On April 27, 2005, the trial court received a letter from another beneficiary, Marie Florence (“the Florence Letter”), which it promptly circulated to all interested parties. The Florence Letter again questioned the propriety of the court's January 10, 2005, order requiring beneficiaries to return the excess portions of their distributions and the manner in which the distributions were being taxed. Like the Brown Letter, the Florence Letter contained a request that the PR be held financially responsible for any miscalculations. On May 13, 2005, the trial court scheduled a hearing for June 17, 2005,2 on the Florence Letter, stating in its order that it considered the letter to be “a request for clarification and return of payments.” Appellant's App. p. 122. At the hearing, the trial court took all pending matters into consideration, and it permitted the PR to again continue the motion to correct errors pending rulings on those issues.
On October 5, 2005, the trial court issued its Order Entry for June 1, 2005.3 In this Order, the court made the following findings and conclusions:
2. The Personal Representative's Motion To Correct Errors is DENIED;
3. As a matter of equity, it is inequitable for some heirs to return or refund miscalculated excess distributions to the Estate while other heirs do not;
4. The Personal Representative shall return to any heir the amount of partial distributions he or she returned to the Estate pursuant to the order entered January 10, 2005,․
5. The Personal Representative has not complied with that portion of Article I of decedent's Last Will and Testament which directed her to “․ pay out of my estate, as part of the expenses of administration, all estate and inheritance taxes, if any may be due, including those attributable to all non-probate assets, without charging the specific beneficiaries with their respective share of said taxes;”

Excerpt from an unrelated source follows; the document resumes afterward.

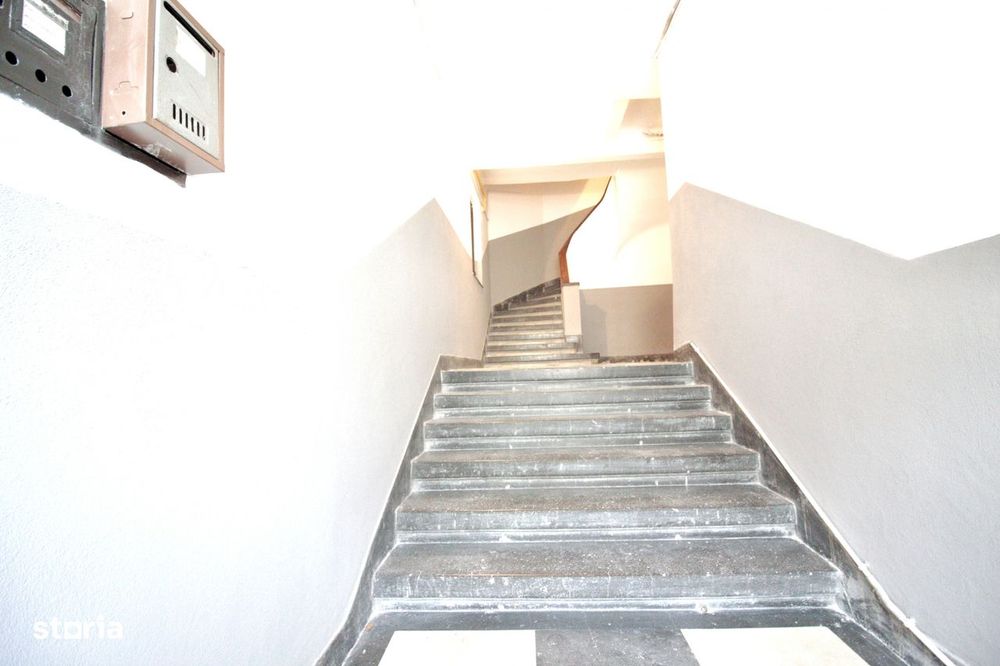 Calea Dorobanti, Apartament Nemobilat In Bloc Tip Vila!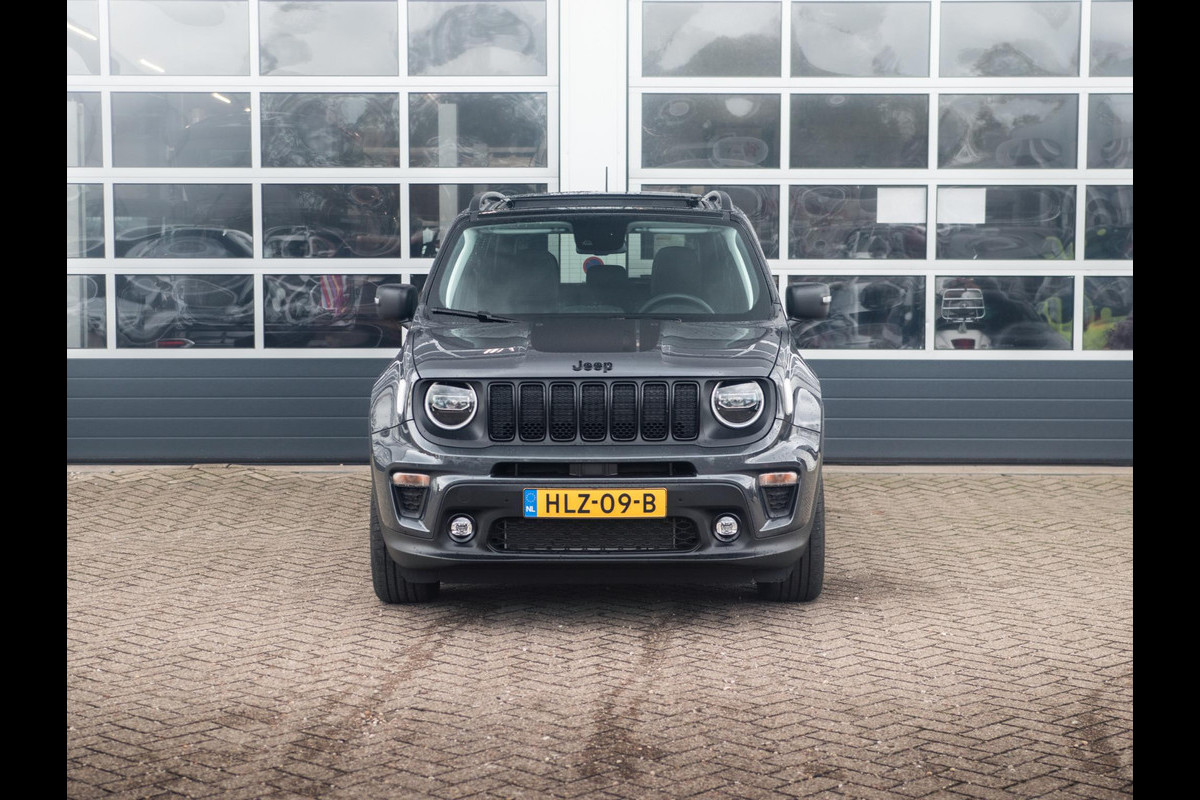 Jeep Renegade 4xe 240 Plug-in Hybrid Electric The North Star | Teck Pack | Winter Pack | Navi Jeep Renegade 4xe 240 Plug-in Hybrid Electric The North Star | Teck Pack | Winter Pack | Navi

6. Since the Personal Representative has transferred essentially all the assets of the estate to beneficiaries by her miscalculation and in contravention of Article I of decedent's Last Will, the Personal Representative is ordered to personally pay the inheritance tax resulting from the survivorship accounts, the five (5%) [sic] reduction in inheritance tax which was forfeited by not timely filing an inheritance tax return,[[ and any and all sums listed in the Order entered January 10, 2005 [,] under “Amount To Be Returned To Estate” calculated by the Personal Representative to total $24,533.58.; ․
Id. at 134-35. On November 2, 2005, the PR filed a Motion to Correct Errors with regard to the October 5, 2005, order. She alleged that the trial court abused its discretion when it modified the January 10, 2005, order and when it denied the PR's first Motion to Correct Errors. The trial court denied this motion on November 30, 2005, stating, “The letter from the pro se heir which the Court considered to be a Motion for Clarification was also considered as a Motion to Reconsider, although not previously designated.” Id. at 140. The PR filed a Notice of Appeal on December 20, 2005, and this appeal now ensues.
Discussion and Decision
On appeal, the PR raises three issues: Whether the trial court erred when it (1) modified its January 10, 2005, order regarding the beneficiaries' obligation to repay money to the Estate; (2) summarily denied the PR's Verified Motion for Change of Judge; and (3) summarily denied the PR's first Motion to Correct Errors. We address each issue in turn.
We note at the outset that the appellee has failed to file a brief in this appeal. “When the appellee has failed to submit an answer brief we need not undertake the burden of developing an argument on the appellee's behalf. Rather, we will reverse the trial court's judgment if the appellant's brief presents a case of prima facie error.” Trinity Homes, LLC v. Fang, 848 N.E.2d 1065, 1068 (Ind.2006). “Prima facie error in this context is defined as, ‘at first sight, on first appearance, or on the face of it.’ ” Id. (citing Santana v. Santana, 708 N.E.2d 886, 887 (Ind.Ct.App.1999)). “Where an appellant is unable to meet this burden, we will affirm.” Id.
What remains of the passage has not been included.